Su
nombre era Juan Marcos, según la costumbre en algunos ambientes de ponerles dos
nombres, uno judío, Juan, y otro romano, Marcos. Parece que su madre era María,
donde se hospedaban los apóstoles en Jerusalén y donde fue san Pedro al salir
de la cárcel: “a la casa de María”.
El padre de Marcos, que debía haber sido sacerdote del templo, parece que había
muerto, pues no se le nombra.
Ese
sería el lugar del cenáculo y de la venida del Espíritu Santo el día de
Pentecostés. Parece ser que la familia tenía una casita cerca de Getsemaní,
donde habría ido el joven Marcos a pasar la noche el jueves santo. Con el ruido
habría salido envuelto en una sábana y habría tenido que huir desnudo. Por algo
lo cuenta él mismo.
Todo
eso no es cierto; pero lo cierto es que haciéndose algo mayor, fue bautizado
por san Pedro en su misma casa. Por eso en la primera lectura de hoy san Pedro
llama hijo a Marcos. Éste, creyéndose ya fuerte en la fe, decidió acompañar a
su primo Bernabé en el apostolado, quien llevaba como compañero al mismo san
Pablo.
Marcos,
que todavía era débil, quizá en lo corporal y en lo espiritual, tuvo miedo a
las dificultades de la misión y prefirió volverse con su madre. Cuando más tarde
se arrepintió y quiso volver con Pablo y Bernabé, san Pablo, que era fuerte de
temperamento, no le quiso admitir, y san Bernabé que confiaba en el
arrepentimiento y la valía de su primo Marcos, decidió ir con él a otra misión
diferente.
No
duró mucho esa misión, pues pronto se hace acompañante de su padre espiritual,
que era san Pedro, y va con él a Roma y es como su secretario, de modo que,
como nos dice la tradición, personas importantes cristianas le impulsaron a
Marcos a que escribiese lo que predicaba Pedro, de modo que, como dicen muchos,
el evangelio de Marcos es como el escrito resumido de la predicación de san
Pedro.
Con
esto nos enseña san Marcos que el mérito de la fe no está sólo en las grandes
figuras o principales predicadores, sino también e igualmente en aquellos que
con su ayuda servicial de segundo plano hacen que el Evangelio pueda extenderse
por todos los diferentes ambientes que puede haber en el mundo.
El
evangelio de este día está tomado de las últimas palabras con las que se termina
el evangelio de Marcos. Jesús se aparece a los once apóstoles, quizá sea la
última vez, y les envía a predicar por todo el mundo. Con ello muestra el
sentido universalista de la Buena Nueva
de Jesús. Es un envío, no sólo determinado para aquellos once, sino para todos
sus sucesores y en parte para todos los creyentes. La primera razón es porque
es un mandato para ir por todo el mundo y aquellos once no lo pueden concluir.
El
Evangelio de Jesús es de salvación. Para conseguirlo es necesario el creer y el
bautizarse. Es decir que nos tenemos que entregar a él en cuerpo y en alma.

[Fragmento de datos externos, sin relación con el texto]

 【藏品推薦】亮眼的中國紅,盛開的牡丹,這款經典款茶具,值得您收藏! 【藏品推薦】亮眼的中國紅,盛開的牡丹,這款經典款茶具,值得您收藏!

Creer significa una entrega total. Y si hay verdadera fe, se verán unos signos
prodigiosos.
Jesús
promete unos signos especiales a los predicadores. Es verdad que mucho de ello
es simbólico; pero también es verdad que se dieron y se dan muchas veces. Al
principio parece que bastante más, pues era necesario comenzar con buenos
cimientos. Pero signos externos extraordinarios siguen dándose con cierta
frecuencia.
Dios
manifestaba ya su presencia salvífica con Moisés y los profetas. Mucho más con
Jesucristo. Ahora Él lo promete a la Iglesia.
Cuando se realizan por medio de una persona viva o muerta, es
una señal de que Dios está presente allí. El mayor milagro es el amor. Con el
amor se trasforman los corazones.
San
Marcos comienza el evangelio diciendo que no es “su evangelio” sino el
evangelio de Jesús, que es el Mesías e Hijo de Dios. San Marcos es el
trasmisor. Le pidamos que nosotros seamos también trasmisores del amor de Dios.
Para ello primero debemos empaparnos de ese amor y de su doctrina. Después
hacer que nuestra vida sea como un evangelio viviente en las manos del Señor.